**TRY IT:**
From the line containing "3 bedroom end" through the last line of the entries below, transcribe each line exactly, excluding any picture.
**** DATA
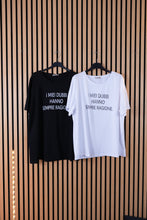 Carica l'immagine nel visualizzatore di Gallery, T Shirt Curvy Ragione

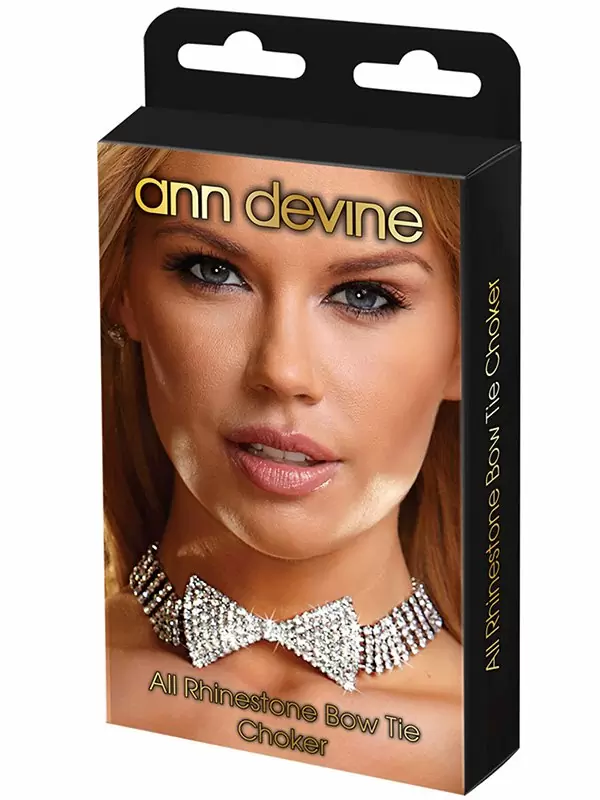 Ожерелье-бабочка Ann Devine - All Rhinestone Bow Tie Choker из кристаллов – серебристый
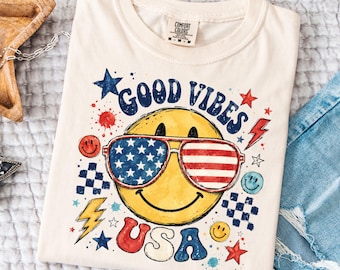 Cara sonriente retro patriótica y divertida en formato PNG, diseño gráfico pintado a mano con acuarela, descarga digital.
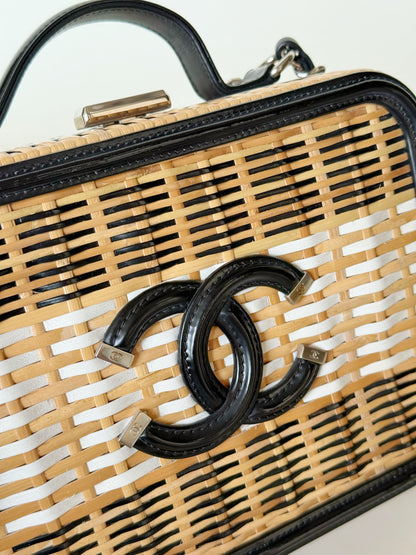 Chanel Raffia Patent CC Filigree Vanity Case
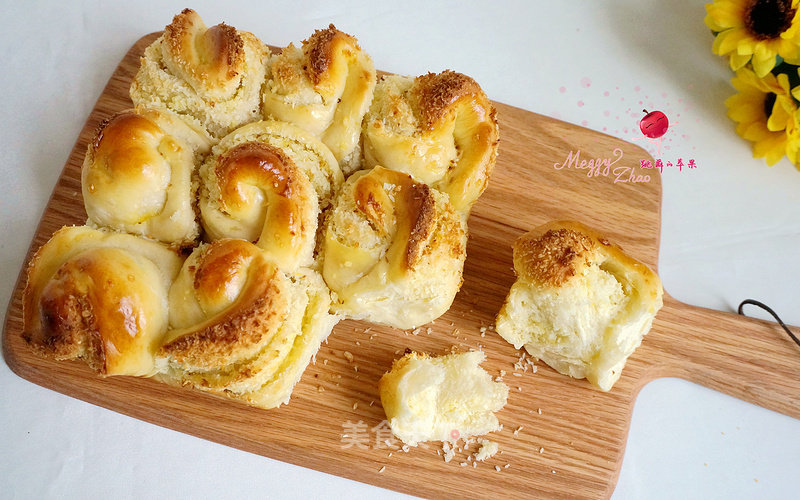 Coconut Flower-shaped Small Meal Bun recipe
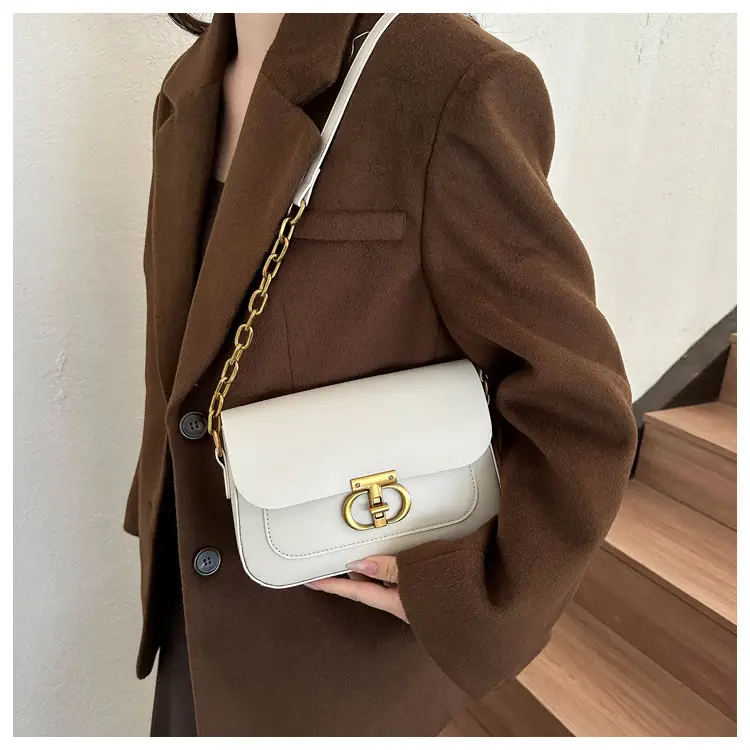 White Retro Lock Shoulder Bag with Chain — feature 13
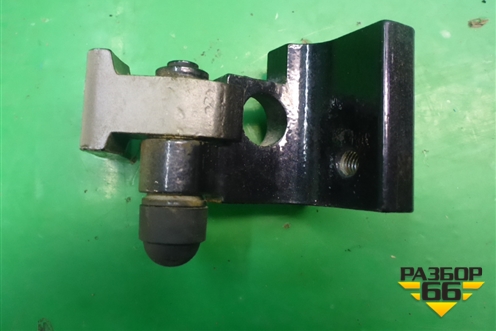 Петля двери задней правой верхняя (7L0833402B) для Volkswagen Touareg c 2002-2010г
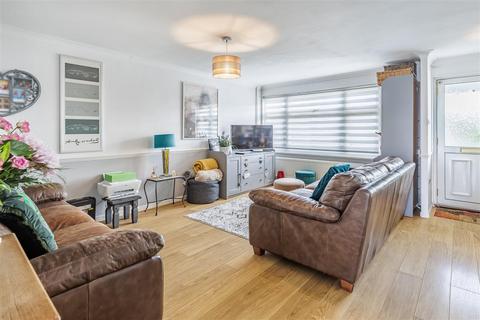 3 bedroom end of terrace house for sale, Lancaster Road, North Weald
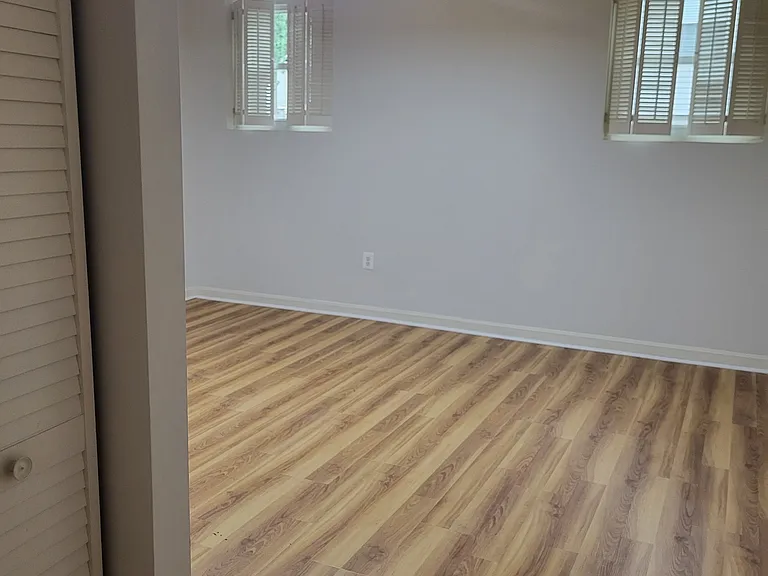 downstairs bedroom #4
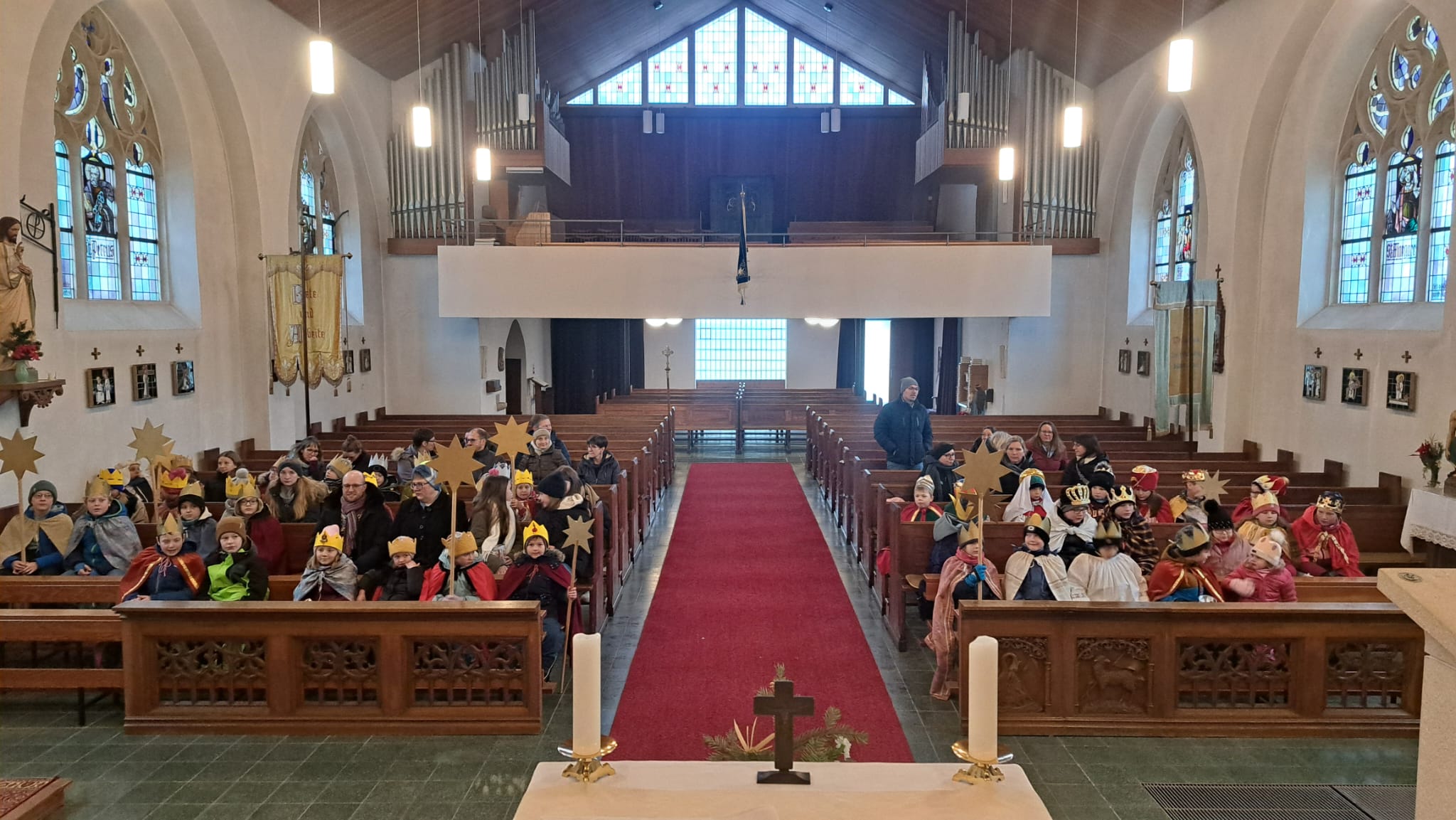 Die Sternsinger in Kisselbach wurden in einen Gottesdienst von Diakon Andreas Denner ausgesendet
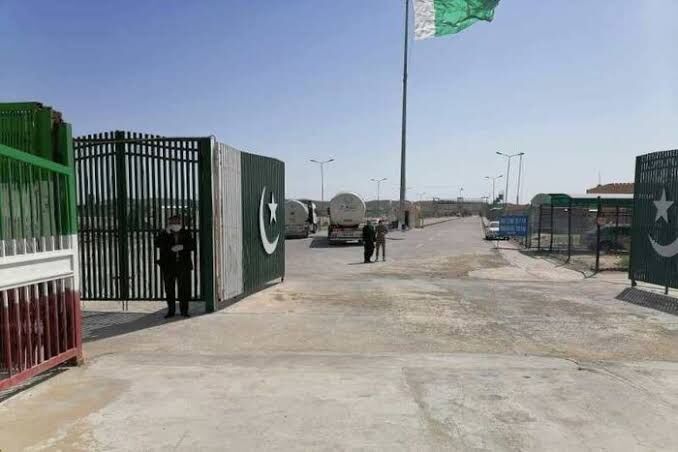 COVID-19: Pakistan tightens border restrictions with Iran, bilateral trade to continue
********
**EXPECTED OUTPUT:**
 3 bedroom end of terrace house for sale, Lancaster Road, North Weald
 downstairs bedroom #4
 Die Sternsinger in Kisselbach wurden in einen Gottesdienst von Diakon Andreas Denner ausgesendet
 COVID-19: Pakistan tightens border restrictions with Iran, bilateral trade to continue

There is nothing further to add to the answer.